Data analysis43 44 will be undertaken concurrently with data collection through thematic analysis. The interviews will be digitally recorded, and the recordings downloaded to a secure computer then removed from the recording devise. Anonymised recordings will be securely transferred to a transcription company. Anonymised transcripts will be reviewed line by line and words and phrases and passages related to important outcomes following a TBPI or related to treatments will be coded. A second reviewer will code 10% of the transcripts to enhance credibility of the analysis. Differences in codes and emergent themes will be discussed. A member of the patient advisory group will be supported to read a selection of uncoded transcripts and suggest codes or themes. This will assist with the interpretation (from a patient’s perspective) and which may be different to that of the research team. Themes will be discussed and agreed with members of the research team (CJH and JC). The lead author (CM) will carry out interviews until no new themes emerge. From this analysis, we will develop a list of outcomes important to patients with TBPI.
The aim of this consultation exercise will be to identify, from the list of outcomes identified in the systematic review and the semi-structured interviews, what outcomes should be entered into phase 2 of the study.
Study overview and method
The list of outcomes from the systematic review and the interviews with patients will be combined. Each outcome from phase one will be categorised independently by two authors (DP and CM) into one of 36 domains developed by a collaboration between COMET and Cochrane.45 Outcome domains like these have previously been used by other COS developers.46 47 Outcome domains will include physiological/clinical, function, global quality of life and adverse events. The scope of the outcomes will be defined, and a common language and description will be identified for each of the outcomes through an iterative process between the patient advisors, lead investigator and key members of the research team.

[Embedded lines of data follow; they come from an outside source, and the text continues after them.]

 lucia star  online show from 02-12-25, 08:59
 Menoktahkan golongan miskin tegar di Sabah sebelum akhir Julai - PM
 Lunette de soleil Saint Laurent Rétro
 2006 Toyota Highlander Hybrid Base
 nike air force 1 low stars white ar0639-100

CM will present all outcomes within the COMET and Cochrane framework45 at a consultation meeting with the patient advisor, research team and two clinicians. The objective is to ensure clear and appropriate meanings with no duplication. The outcome domains will be reviewed to assess the suitability of the domain name and grouping of outcomes and descriptors. The ‘long list’ of outcomes will be developed into a plain English questionnaire in collaboration with the patient advisory group and the research group for use in the Delphi Study.

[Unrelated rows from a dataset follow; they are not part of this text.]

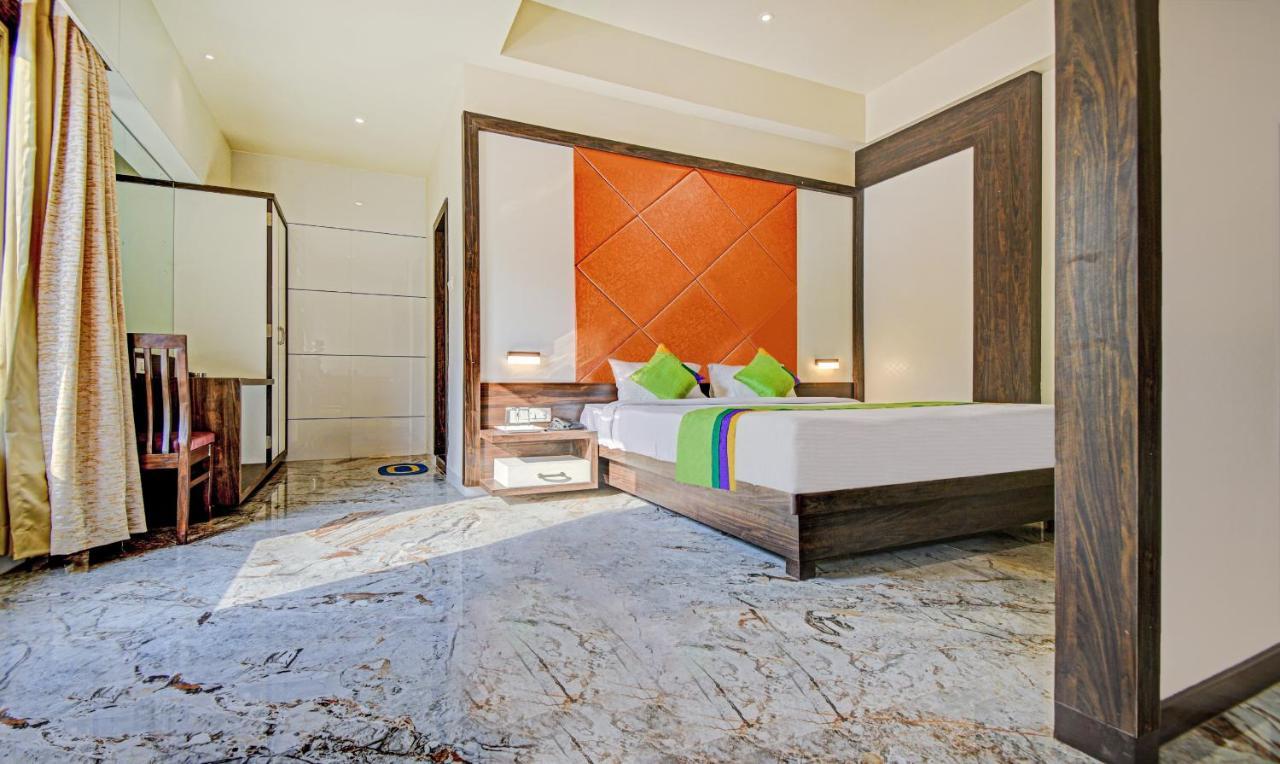 Treebo Trend Mb Residency Hotel Mumbai Exterior photo
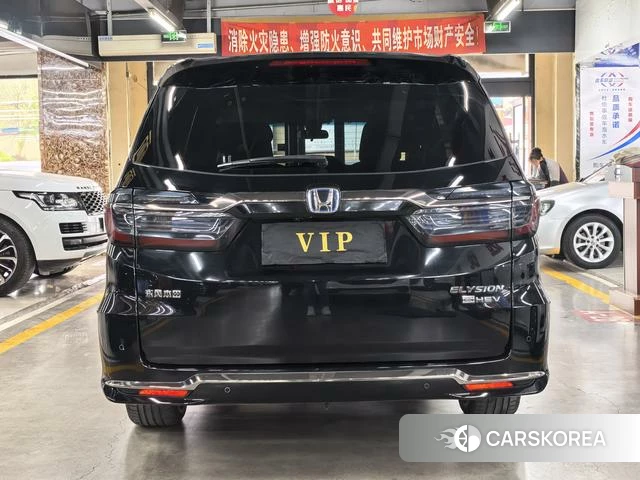Honda Ai Lishen 2022 Черный из Китая, фото 4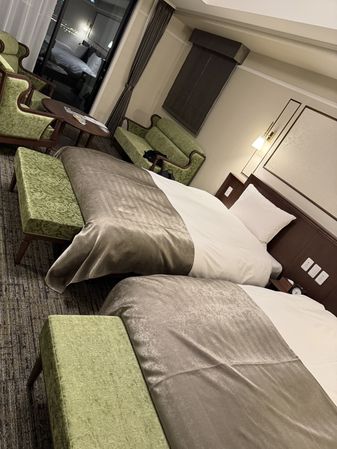 客室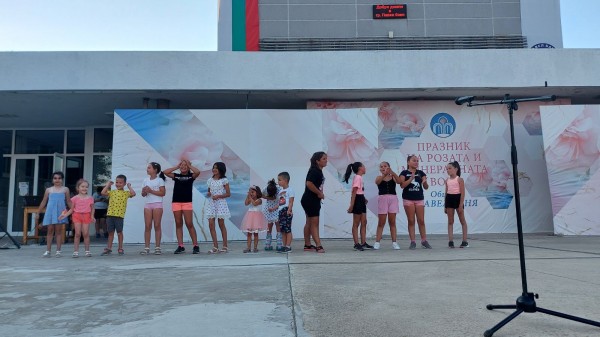 Концертните вечери в Павел баня започнаха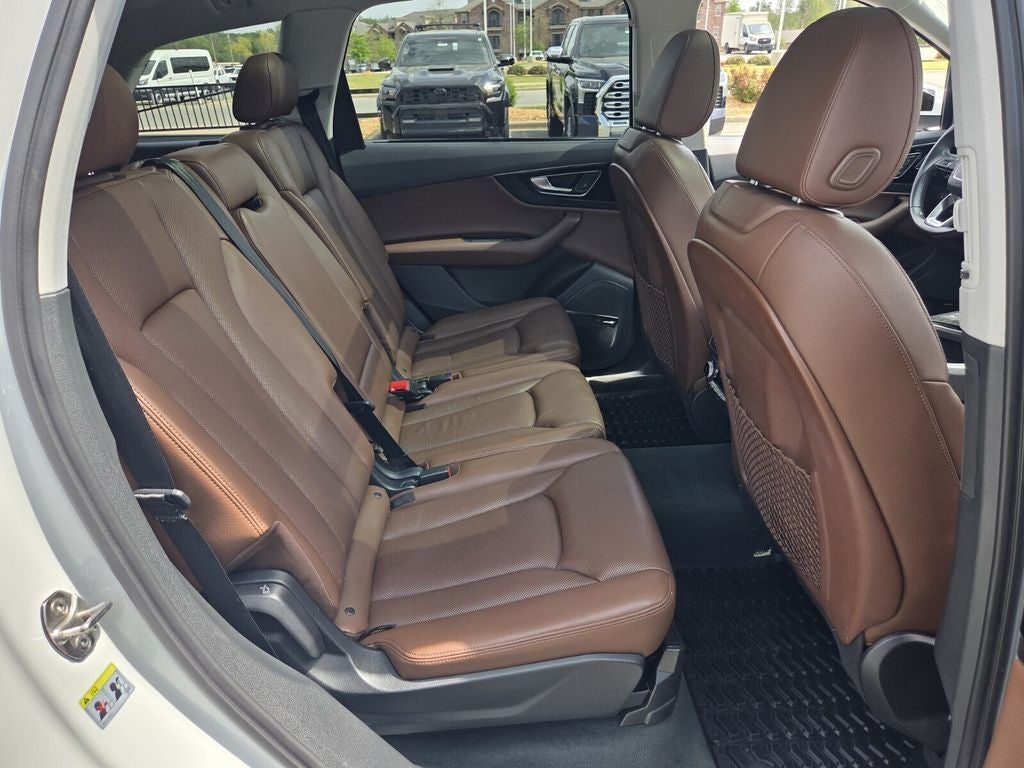 2018 Audi Q7 3.0T Prestige quattro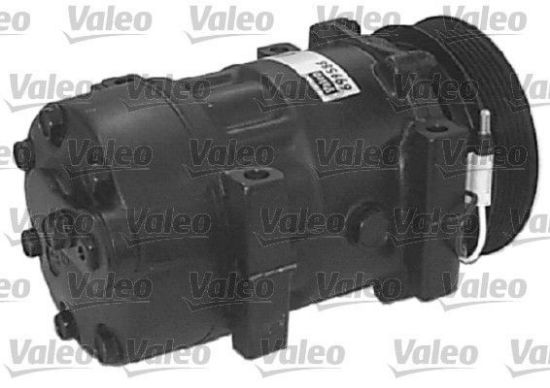 Obrázok Kompresor klimatizácie VALEO  RE-GEN REMANUFACTURED 699588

Phase 2: Delphi and consensus meeting
A Delphi method is frequently used to achieve consensus for COS.48 49 Time, financial constraints and carbon footprint make this the best option for international expert and patient involvement. A Delphi allows anonymity and gives equal weight to all who participate reducing the potential for individuals or group of individuals being overly influential in the process.50
We will recruit three panels for the online Delphi.
Patient experience panel
Individuals with TBPI will be recruited through the Traumatic Brachial Plexus UK charity website and their social media outputs (Twitter and Facebook). A study video will be hosted on the website and promoted through social media. Potential participants will be asked to contact the chief investigator (CM) if interested in participating. This may favour individuals who have had a TBPI for many years and those accessing online self-help groups, therefore, the peripheral nerve database (n=208) at the Queen Elizabeth Hospital Birmingham will also be screened. A purposive sample from the database will receive an invitation to participate.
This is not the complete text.